Pauatahanui Inlet has a modern environment of broad intertidal flats and high tidal salt marshes. The present ecological conditions are suitable for recording relatively small changes in sea level (SL), and may have done so in the past. Previous studies of Pauatahanui Inlet have indicated the area has been stable or slightly uplifted relative to modern mean SL in the Holocene (Gibb 1986; Cochran et al. 2007).

Methods

Between two and four cores were obtained from each study site and most cores were collected using a truck-mounted hydraulic drill rig. Cores BL1 at Big Lagoon and RPC at Pauatahanui Inlet were collected using a vibracorer. Surveying of all sites was undertaken using a real-time kinematic (RTK) global positioning system (GPS) with reference to modern SL markers, such as high tide lines, and geodetic benchmarks. There are variable uncertainties ranging from ±0.1 m (Big Lagoon and Pauatahanui) to ±1 m (Lake Wairarapa), depending on what calibration points were used. Sediment compaction was corrected for on the cores from Big Lagoon and Lake Wairarapa using an estimated compaction factor based on the Paul & Barras (1998) model. Compaction increases towards the middle of the sedimentary sequence and reaches a maximum of 10%. Sediment compaction corrections were not applied to the Pauatahanui Inlet cores because the sequence contained thick gravel units, assumed to be incompressible.

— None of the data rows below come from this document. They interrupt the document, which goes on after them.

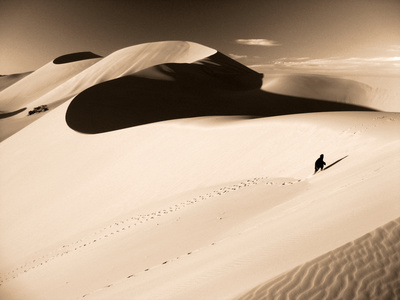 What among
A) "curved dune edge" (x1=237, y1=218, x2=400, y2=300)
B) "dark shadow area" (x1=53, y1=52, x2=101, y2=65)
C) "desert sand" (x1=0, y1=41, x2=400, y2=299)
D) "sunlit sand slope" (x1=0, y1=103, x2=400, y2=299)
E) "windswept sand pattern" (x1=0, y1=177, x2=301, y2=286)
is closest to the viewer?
"curved dune edge" (x1=237, y1=218, x2=400, y2=300)

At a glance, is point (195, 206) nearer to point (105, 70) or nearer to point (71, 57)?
point (105, 70)

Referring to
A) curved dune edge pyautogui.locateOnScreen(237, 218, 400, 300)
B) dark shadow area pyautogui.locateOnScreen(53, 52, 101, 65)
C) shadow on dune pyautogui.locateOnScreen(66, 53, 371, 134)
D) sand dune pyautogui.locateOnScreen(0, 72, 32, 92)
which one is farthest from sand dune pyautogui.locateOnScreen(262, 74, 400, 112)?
sand dune pyautogui.locateOnScreen(0, 72, 32, 92)

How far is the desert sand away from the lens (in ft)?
12.5

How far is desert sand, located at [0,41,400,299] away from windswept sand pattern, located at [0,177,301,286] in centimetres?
5

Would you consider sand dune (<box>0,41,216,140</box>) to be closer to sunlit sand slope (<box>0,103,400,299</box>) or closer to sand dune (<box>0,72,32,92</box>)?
sunlit sand slope (<box>0,103,400,299</box>)

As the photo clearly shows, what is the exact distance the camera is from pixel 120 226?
8938 millimetres

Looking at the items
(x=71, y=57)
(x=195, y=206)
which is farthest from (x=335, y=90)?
(x=71, y=57)

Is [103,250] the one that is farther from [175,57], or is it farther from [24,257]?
[175,57]

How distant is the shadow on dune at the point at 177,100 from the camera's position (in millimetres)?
21469

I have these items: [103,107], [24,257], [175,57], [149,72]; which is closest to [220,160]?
[24,257]

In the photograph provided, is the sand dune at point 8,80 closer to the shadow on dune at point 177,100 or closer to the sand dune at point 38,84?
the sand dune at point 38,84

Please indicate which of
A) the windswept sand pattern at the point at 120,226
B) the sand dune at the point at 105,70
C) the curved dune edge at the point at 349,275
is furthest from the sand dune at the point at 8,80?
the curved dune edge at the point at 349,275

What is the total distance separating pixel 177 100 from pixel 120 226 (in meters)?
18.9

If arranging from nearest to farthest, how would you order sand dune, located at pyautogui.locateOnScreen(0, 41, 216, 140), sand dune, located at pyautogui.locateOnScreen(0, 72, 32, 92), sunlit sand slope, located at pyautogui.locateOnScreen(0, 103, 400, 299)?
sunlit sand slope, located at pyautogui.locateOnScreen(0, 103, 400, 299) < sand dune, located at pyautogui.locateOnScreen(0, 41, 216, 140) < sand dune, located at pyautogui.locateOnScreen(0, 72, 32, 92) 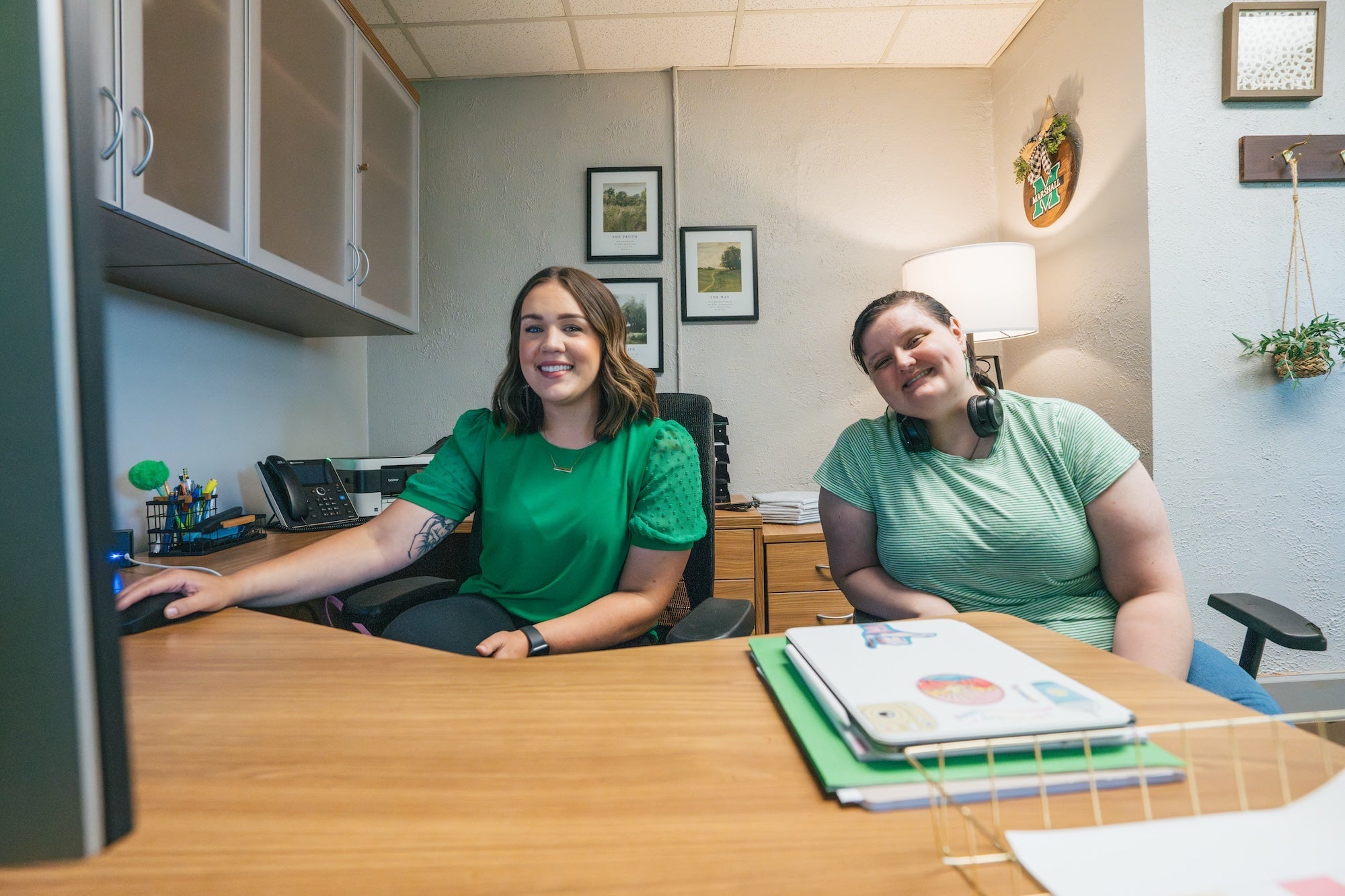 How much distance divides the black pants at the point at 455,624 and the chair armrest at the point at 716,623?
0.20 metres

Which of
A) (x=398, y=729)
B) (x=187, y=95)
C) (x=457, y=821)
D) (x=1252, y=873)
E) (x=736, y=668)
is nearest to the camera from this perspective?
(x=1252, y=873)

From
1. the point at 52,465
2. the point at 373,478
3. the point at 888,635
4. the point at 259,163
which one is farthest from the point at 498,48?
the point at 52,465

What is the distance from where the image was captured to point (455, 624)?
1.21m

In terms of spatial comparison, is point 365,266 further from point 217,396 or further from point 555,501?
point 555,501

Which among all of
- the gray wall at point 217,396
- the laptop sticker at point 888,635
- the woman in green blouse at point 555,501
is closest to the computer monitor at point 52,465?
the laptop sticker at point 888,635

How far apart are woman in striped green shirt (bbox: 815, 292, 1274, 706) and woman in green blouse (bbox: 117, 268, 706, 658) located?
1.14 feet

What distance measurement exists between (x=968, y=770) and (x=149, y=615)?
3.21 ft

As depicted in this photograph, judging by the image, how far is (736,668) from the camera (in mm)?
705

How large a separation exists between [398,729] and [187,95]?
1443 mm

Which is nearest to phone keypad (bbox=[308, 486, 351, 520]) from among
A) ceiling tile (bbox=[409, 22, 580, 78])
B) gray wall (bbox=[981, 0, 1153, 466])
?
ceiling tile (bbox=[409, 22, 580, 78])

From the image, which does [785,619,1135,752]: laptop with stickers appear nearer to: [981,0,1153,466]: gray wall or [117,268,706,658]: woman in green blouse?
[117,268,706,658]: woman in green blouse

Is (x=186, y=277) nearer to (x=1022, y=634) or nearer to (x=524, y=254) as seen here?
(x=524, y=254)

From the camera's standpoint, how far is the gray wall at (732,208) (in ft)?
9.34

The sedimentology of all cores was logged by visual assessment and macrofauna, pollen, spore, foraminifera and diatom samples were selected at regular intervals or from specific units of interest. Palynological samples were initially treated with hot dilute hydrochloric acid and then treated with hydrofluoric acid and oxidised for 2–3 minutes with nitric acid and filtered through a 6 µm filter. All samples were mounted in stained jelly and one exotic Lycopodium tablet was added to determine rates of pollen sedimentation (number of pollen per unit weight of sediment). For diatom samples, the sediment (c. 1 g per sample) was digested in H₂O₂ to remove organic matter and heated in HCl to remove carbonates. Sand was removed by settling through a water column. Clay was removed by washing with dilute sodium hexa-metaphosphate and repeated decanting of suspended fines. Diatom slides were prepared by drying small aliquots of suspension onto cover slips and mounting them in Naphrax diatom mountant. Diatom valves were identified for each sample using standard reference floras (e.g. Krammer & Lange–Bertalot 1991, 1999a, 1999b, 2000, Hartley 1996; Witkowski et al. 2000). Foraminifera samples of c. 10 cm³ were sieved over a 63 µm mesh with the portion > 63 µm examined for foraminiferal content. Where possible, approximately 100 benthic foraminifera were counted and identified with reference to Hayward et al. (1999).

Radiocarbon samples were dated using the accelerator mass spectrometry (AMS) technique at the Rafter Radiocarbon Laboratory, Lower Hutt, New Zealand. All shell samples were calibrated using the Marine04 calibration curve of Hughen et al. (2004) with a ▵13C of −30±13. Samples are presented as calibrated radiocarbon years before present (cal yr BP) with a 2-sigma uncertainty age range.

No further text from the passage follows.